This page describes the JSON Lines text format, also called newline-delimited JSON. JSON Lines is a convenient format for storing structured data that may be processed one record at a time. It works well with unix-style text processing tools and shell pipelines. It's a great format for log files. It's also a flexible format for passing messages between cooperating processes.
The JSON Lines format has three requirements:
1. UTF-8 Encoding
JSON allows encoding Unicode strings with only ASCII escape sequences, however those escapes will be hard to read when viewed in a text editor. The author of the JSON Lines file may choose to escape characters to work with plain ASCII files.
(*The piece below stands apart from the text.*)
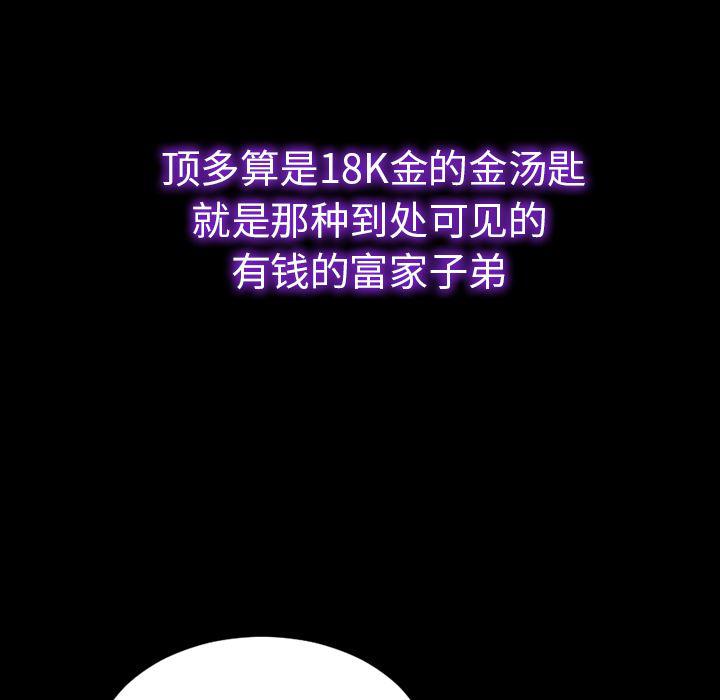 漫画阅读下载韩漫全集-11无删减无遮挡章节图片 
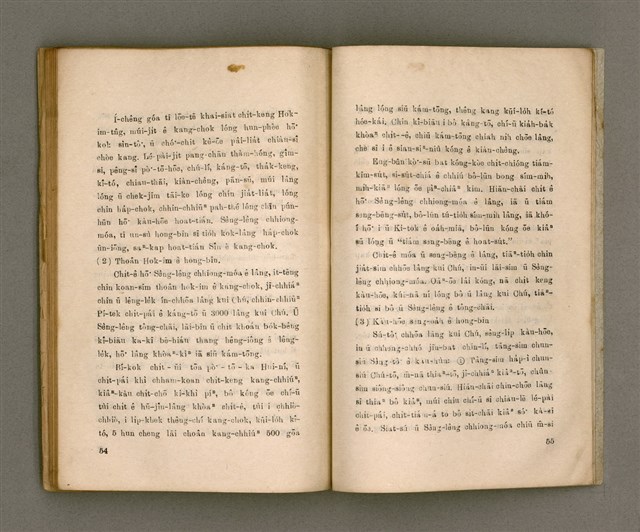 主要名稱：SÈNG-LÊNG CHHIONG-MÓA Ê TIÂU-KIĀⁿ （趙君影牧師講道集）/其他-其他名稱：聖靈充滿 ê 條件 （趙君影牧師講道集）圖檔，第30張，共37張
Encodings other than UTF-8 are very unlikely to be valid when decoded as UTF-8 so the chance of accidentally misinterpreting characters in JSON Lines files is low.
Like the JSON standard a byte order mark (U+FEFF) must NOT be included.
2. Each Line is a Valid JSON Value
The most common values will be objects or arrays, but any JSON value is permitted.
See json.org for a definition of JSON values.
3. Line Separator is '\n'
This means '\r\n'
is also supported because surrounding white space is
implicitly ignored when parsing JSON values.
The last character in a file following the last JSON value may be a line separator. In this case the line separator does not indicate the start of another JSON value.
4. Suggested Conventions
JSON Lines files may be saved with the file extension .jsonl
.
Stream compressors like gzip
or bzip2
are recommended for
saving space, resulting in .jsonl.gz
or .jsonl.bz2
files.
MIME type may be application/jsonl
, but this is not yet standardized; any help
writing the RFC would be greatly appreciated (see issue).
Text editing programs call the first line of a text file "line 1". The first value in a JSON Lines file should also be called "value 1".